On the eve of the second round of the presidential elections that will be held this coming Sunday, our colleagues in Fipra France give us a short update on the campaign.

  • Sunday May 7th, the second round of the presidential election will be a face-off between Emmanuel Macron (24.01%) and Marine Le Pen (21.30%) — attached the bios of the two candidates–. The results of the first round were consistent with what opinion pollsters had been predicting for weeks regarding the order in which the leading 4 candidates would finish the race (François Fillon in 3rd place with 20.01% and Jean-Luc Mélenchon in 4th place with 19.58% of the votes).
  • Emmanuel Macron has been since the favorite in the race despite a complicated first week, where he withstood the aggressive attacks by Marine Le Pen and seemed to be somewhat destabilized and not coming across what was at stake;
  • The debate between the two rounds on Wednesday May 3rd is unlikely to move the needle direction in particular as it did allow Emmanuel Macron to win back some lost ground and gain new voters.
    There are, however, two factors that could play into the hands of Marine Le Pen this Sunday:
  • High abstention rates, partly due to the certainty in public opinion that Macron will be the winner;
  • The rejection by militants on the far-left and the far-right of what Emmanuel Macron is perceived to represent.
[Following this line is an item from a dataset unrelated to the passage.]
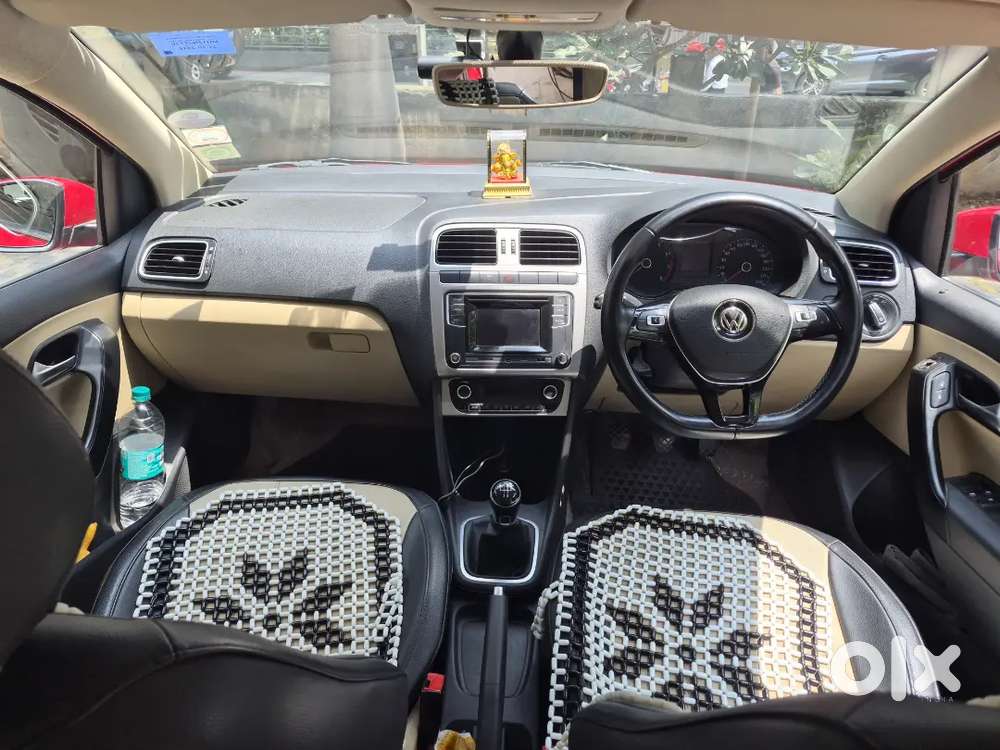Volkswagen Polo Highline 2016 Petrol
    This being said, the gap between the two contenders remains relatively wide (around 10/12 points this morning) and the dynamic is on Emmanuel Macron’s side. The time is now running out for them to score points, as the campaign formally ends at midnight tonight.
  • Analysis
  • The results of the first round confirm the political shake-up with the elimination of the two historic governing parties before the second round of the election, namely The Republicans (this being the first time this has happened to the center-right since the 1950s), and the Socialist Party, and will herald in a period of internal, and probably external, reorganization and rebuilding for both parties;
  • The political nature of Marine Le Pen has induced the historic governing parties to take positions of support or abstention that cut across the traditional cleavages:
    • The Socialists (outgoing majority, center-left) have unanimously asked their supporters to vote for Emmanuel Macron;
    • The Republicans (center-right) are already preparing for the legislative elections and have called to vote for Emmanuel Macron as President, and then contain him by winning the next battle: the legislative elections;
    • The more radical left has remained ambiguous so as not to alienate their anti-establishment populist reservoir.
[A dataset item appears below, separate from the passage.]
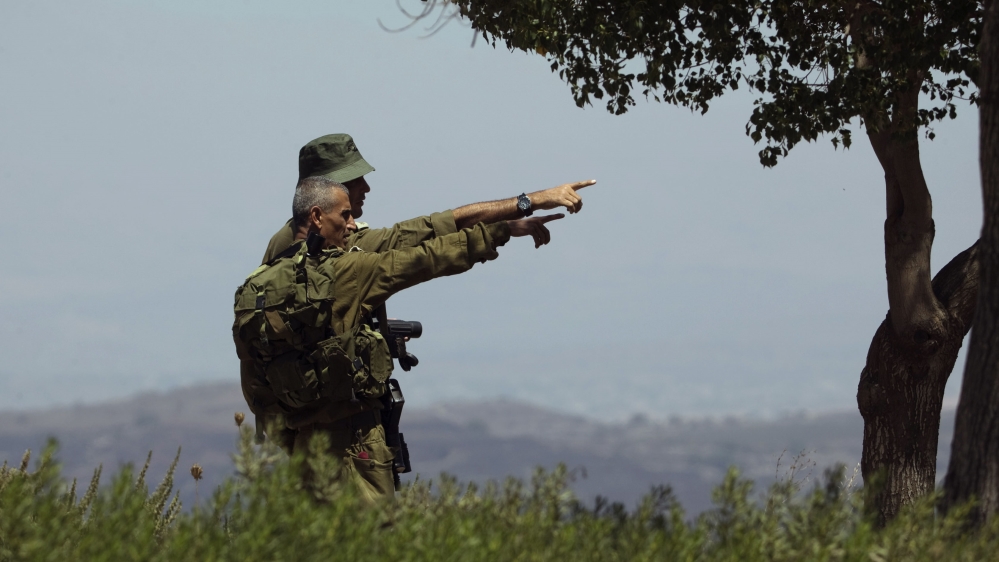 sraeli soldiers observe the Syrian side of the Quneitra border crossing between the Israeli-controlled Golan Heights and Syria, August 29, 2014. U.N. officials shuttled along the rocky frontier betwee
  • The right is already divided between those who are betting on a coalition government  and already announced that they would be ready to participate to a Macron administration, and  those who are playing on a “cohabitation” government (power-sharing arrangement where the President is from a different political party from the majority of the members of Parliament where the President has a more limited role –Foreign Affairs, appointments, passage of laws– and is, so to speak, the government’s chief adversary);
  • For its part, the National Front is continuing to develop its anti-elite strategy, and trying to make up for its missing points by reaching out both to the populist electorate of Jean-Luc Mélenchon and the most nationalist and reactionary elements of the electorate of François Fillon.
  • To be followed

Regardless of the ultimate victor (in all likelihood Emmanuel Macron), the leeway that the next President will have will depend on:

  • His/her number of votes, as well as the gap with his/her competitor;
  • The results of the legislative elections this coming June 11th and 18th.